Física quântica aplicada em cristal possibilita maior eficiência no transporte de energia

Resultados encontrados em estudo permitiram sua publicação em uma das mais renomadas revistas científicas da área

Cristal (titanato de estrôncio) utilizado na pesquisa. Foto: professor Júlio Jiménez

Uma pesquisa que aborda o transporte de energia térmica em um cristal pode ser um inovador passo para a utilização da física quântica na tentativa de obtenção de materiais mais eficientes na condução de energia e menos prejudiciais ao meio ambiente. O artigo da pesquisa, realizada por um docente do Instituto de Física da Universidade de São Paulo (IF-USP), Júlio Larrea Jiménez, em conjunto com outros profissionais da área, foi publicado no dia 22 de março na Physical Review Letters. A revista, fundada pela Sociedade Americana de Física (APS), é uma das mais renomadas revistas científicas e visa avançar e difundir descobertas de impacto nas ciências físicas.

O estudo utiliza o titanato de estrôncio (SrTiO3), um composto em formato de cristal conhecido justamente por sua estrutura atômica organizada. O composto foi estudado medindo propriedades físicas, como a condutividade térmica e o transporte elétrico, em uma ampla faixa de temperatura, e passou por dopagens, ou seja, foram introduzidas pequenas quantidades de outros átomos que forneciam elétrons a ele. “Cristais puros não têm elétrons disponíveis, não conduzem corrente. A adição de elétrons permitiu descobrir que esse sistema pode ser um supercondutor em temperaturas baixíssimas, como 2K, que equivale a -271°C”, explica o professor Larrea.

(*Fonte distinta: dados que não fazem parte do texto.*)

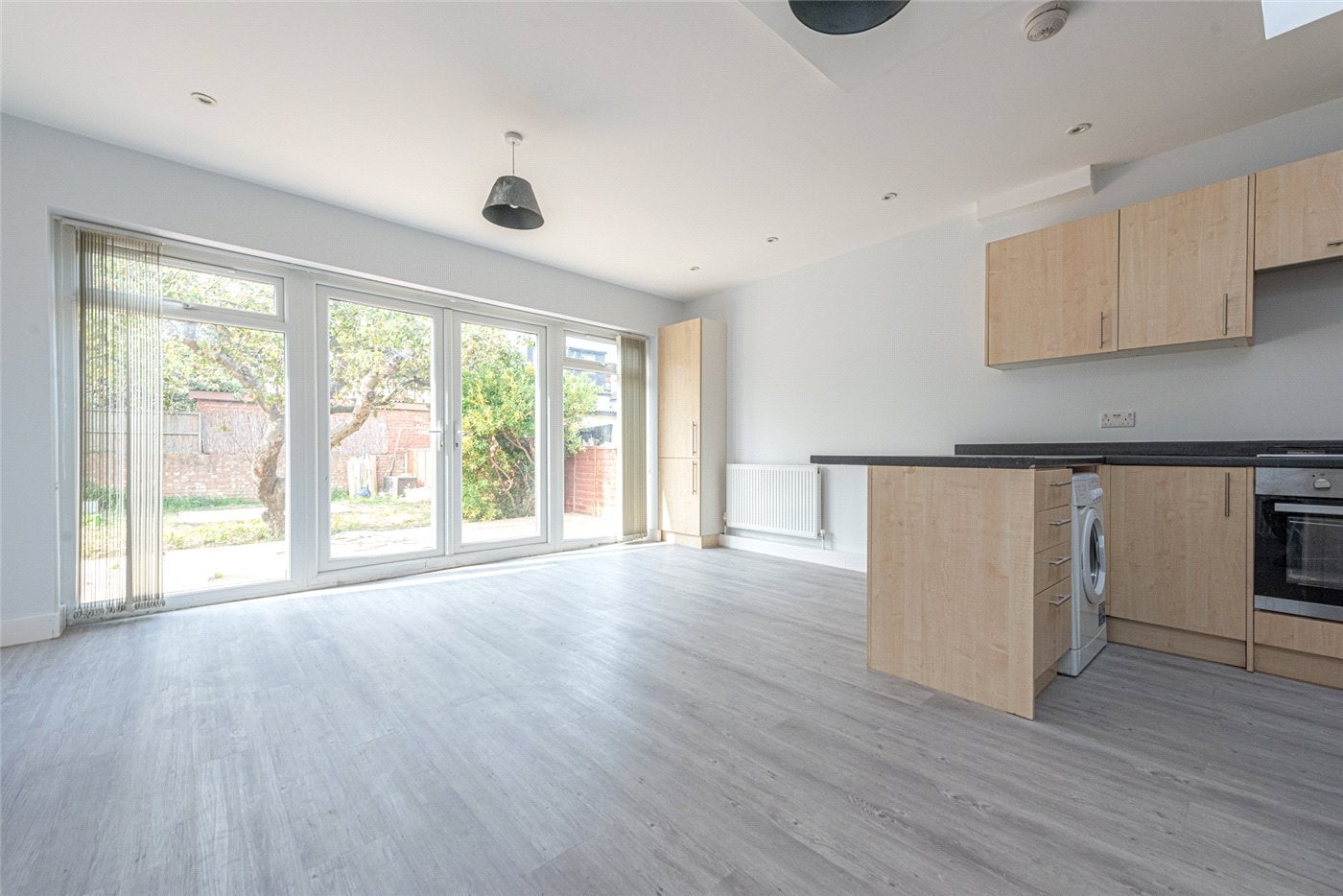 House Dewsbury Road in Greater London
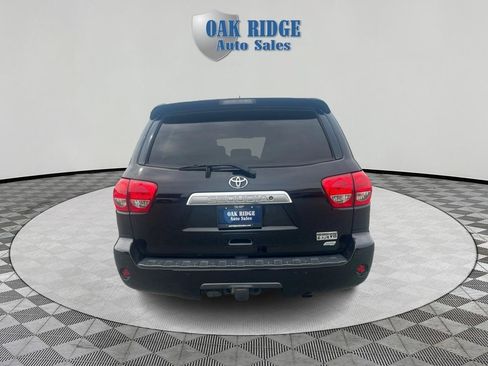 Used 2015 Toyota Sequoia Platinum AWD/4WD image 6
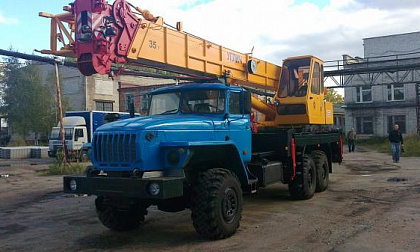 Автокран Углич - 35 тонн Вездеход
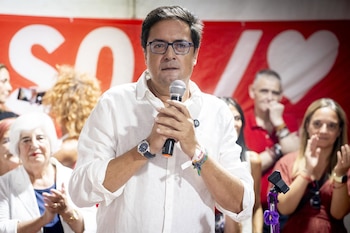 13/09/2026 El candidato del PSOE a la Presidencia de la Comunidad de Madrid, Óscar López, interviene durante una visita a la caseta del PSOE instalada con motivo de las Fiestas Patronales, a 13 de septiembre de 2026, en Móstoles, Madrid (España). Las Fiestas Patronales de Septiembre, declaradas de Interés Turístico Regional desde 2010, están dedicadas a la Virgen de los Santos, que este año cumple su V Centenario.
POLITICA
A. Pérez Meca - Europa Press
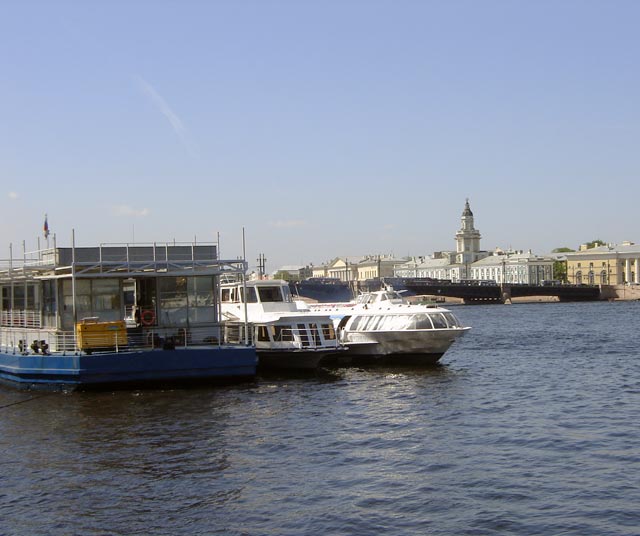 Водные экскурсии по рекам и каналам Санкт-Петербурга.Фото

A principal descoberta do artigo científico foi a presença do efeito Poiseuille no cristal puro (sem dopagem), fenômeno raro de ser encontrado em sólidos. “O efeito Poiseuille se manifesta basicamente como o transporte de fônons, que são vibrações coletivas dos átomos, conservando sua quantidade de movimento. Isto sugere um transporte de pulsos de calor dentro do material sem perda significativa de energia”, esclarece Larrea.

Normalmente, é preciso uma diferença de temperatura para que haja fluxo de calor, por isso, a peculiaridade do titanato de estrôncio abre novas possibilidades de estudo. “Imagine poder produzir no futuro um material que, somente com uma pequeníssima mudança de temperatura, seja capaz de gerar corrente elétrica”, exemplifica o professor.

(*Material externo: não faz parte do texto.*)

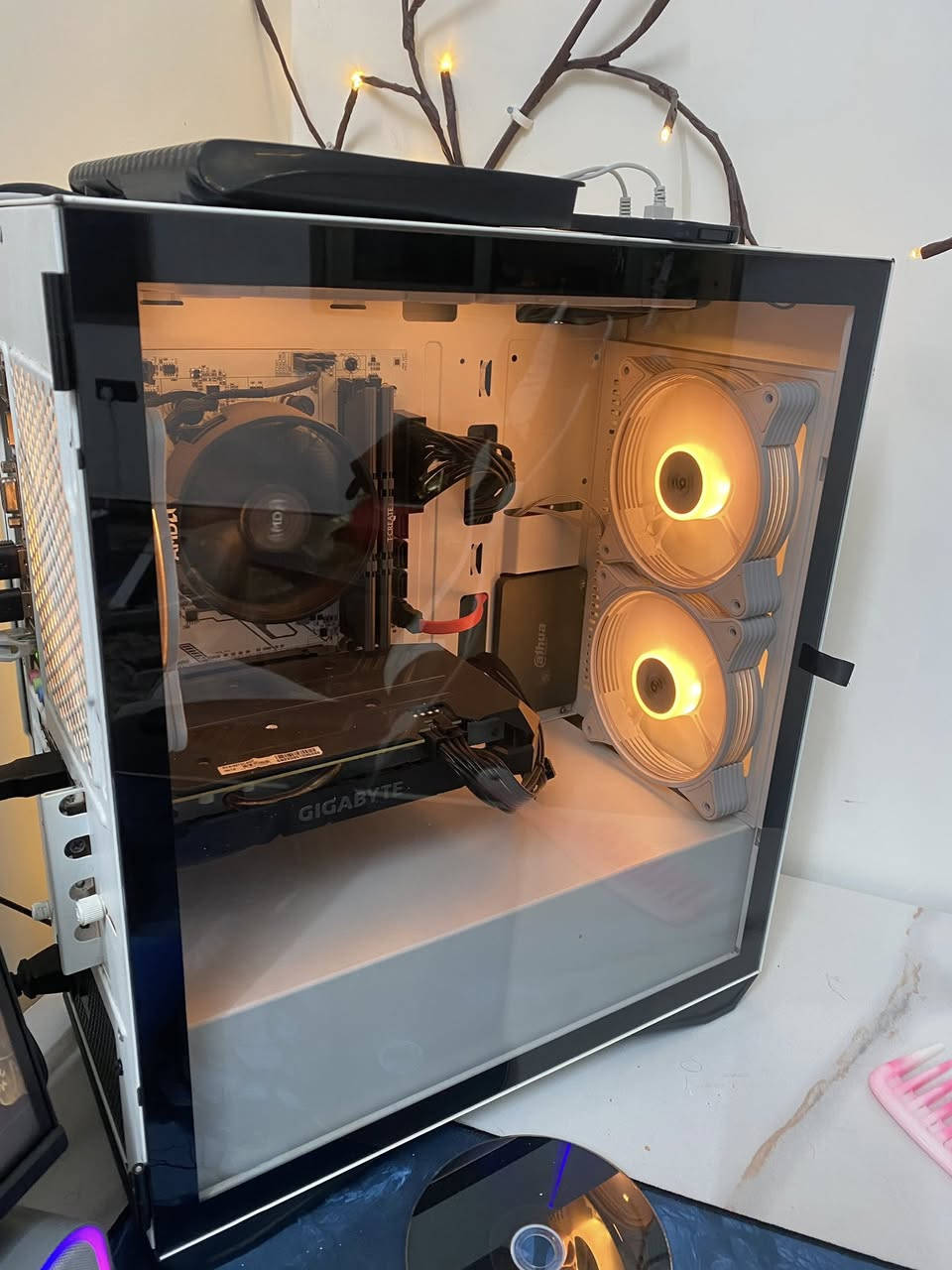 السعر 395الف
المواصفات GTX 1660ti
Ryzen5 2600
RAM 16 DDR4
SSD 512
توصيل لجميع المحافظات مجاني
واتساب ***********
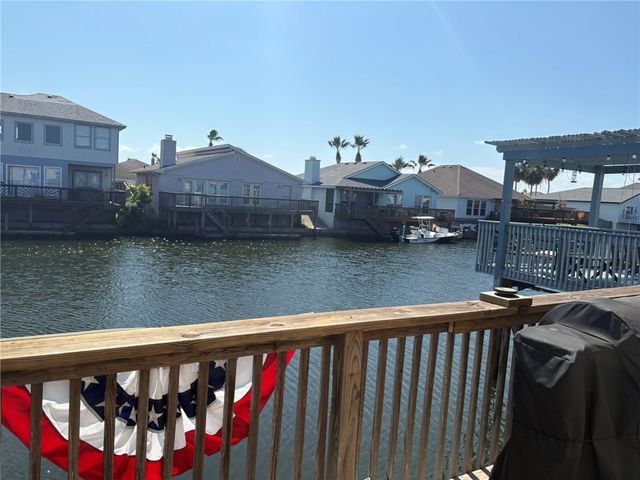 13981 Blackbeard Dr, Corpus Christi, TX 78418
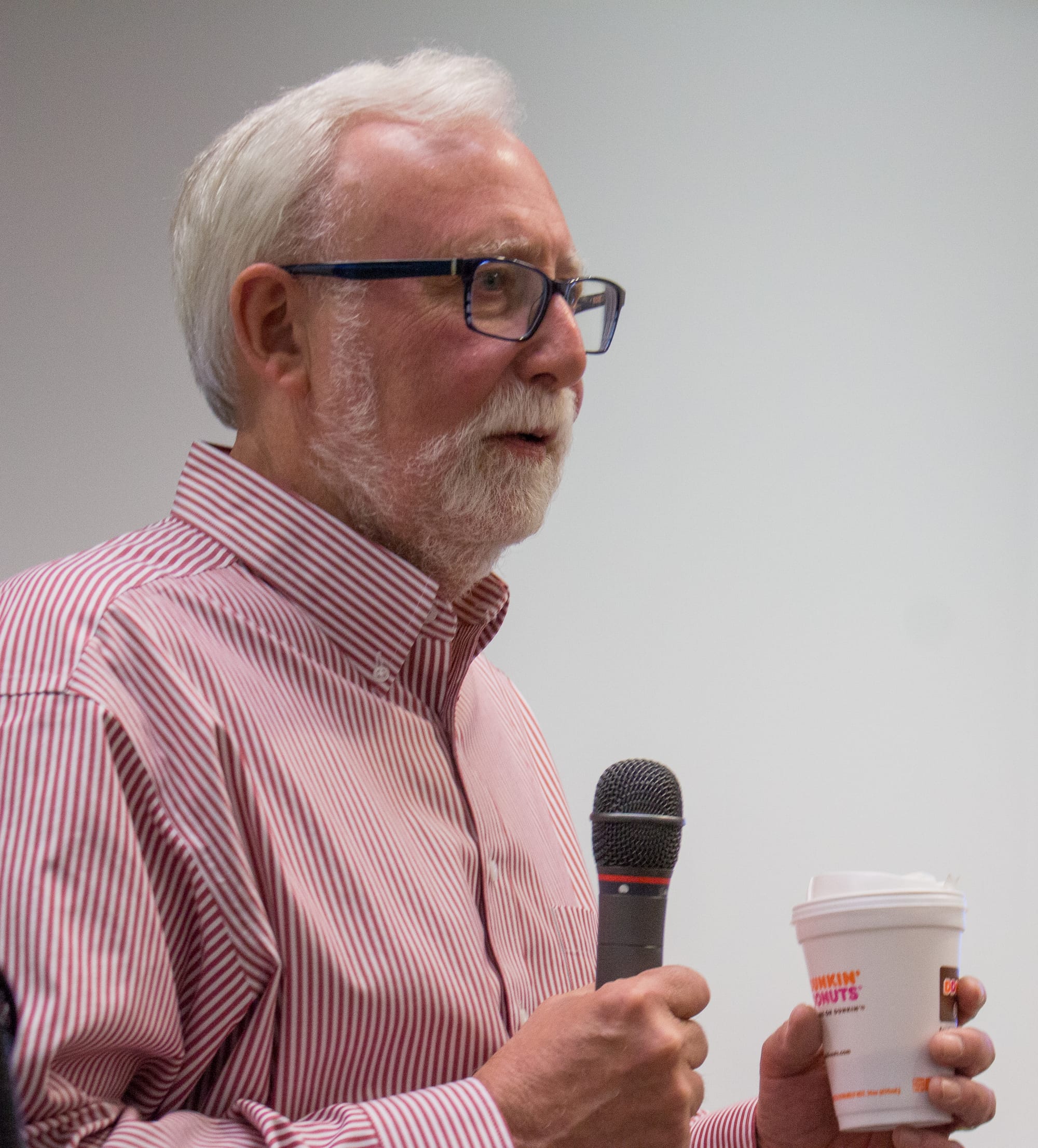 Veteran investigative reporter Mike McGraw speaks to "Covering the U.S. Visa System in Your Own Backyard" fellows on April 11, 2015.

A pesquisa busca compreender o que ocorre no nível quântico desses materiais, ou seja, em dimensões próximas da escala atômica. No entanto, Larrea afirma que é o primeiro passo para ser possível alterar a configuração dos materiais visando a obter eficiência no transporte de carga elétrica, seja ela como calor ou como corrente elétrica. “Quando temos um fio condutor, por exemplo, sabemos que uma grande quantidade de corrente se dissipa por meio do calor. Seria ótimo existir um fio que transporte essa corrente sem perda de calor e com máxima eficiência”.

A melhora no rendimento elétrico também poderia implicar em um menor impacto ambiental. “Podemos trabalhar com condução de corrente em grande escala”, conta o professor. “Grandes usinas hidrelétricas e reatores nucleares seriam menos necessários, pois se transportaria energia de modo mais eficiente. Poderíamos produzir materiais mais duradouros e menos poluentes”. Usar fenômenos quânticos em aplicações futuras, como o efeito Poiseuille em fônons, traz motivações aos pesquisadores que vão além do entender a física quântica, e a possibilidade de progresso com as pesquisas é otimista.

Larrea ainda ressalta a enorme contribuição dos outros autores do artigo, Valentina Martelli e de Kamran Behnia. A pesquisa teve início no Rio de Janeiro, com o apoio do grupo da professora Elisa Baggio-Saitovitch do Centro Brasileiro de Pesquisas Físicas (CBPF), e continuará sendo realizada no IF-USP, em São Paulo. “É importante salientar que conseguimos fazer o estudo com condições que não eram de ponta, já que existe, atualmente, um problema sério de infraestrutura e financiamento no Rio de Janeiro”.

Assim como em qualquer método científico, a pesquisa exige muita precisão e dedicação, mas a repercussão positiva recompensa grande parte do esforço: “Sabíamos que era um tema interessante, mas não sabíamos o impacto que isso viria a ter. Foi muito inesperado que o artigo fosse publicado como sugestão do próprio editor da Physical Review Letters”.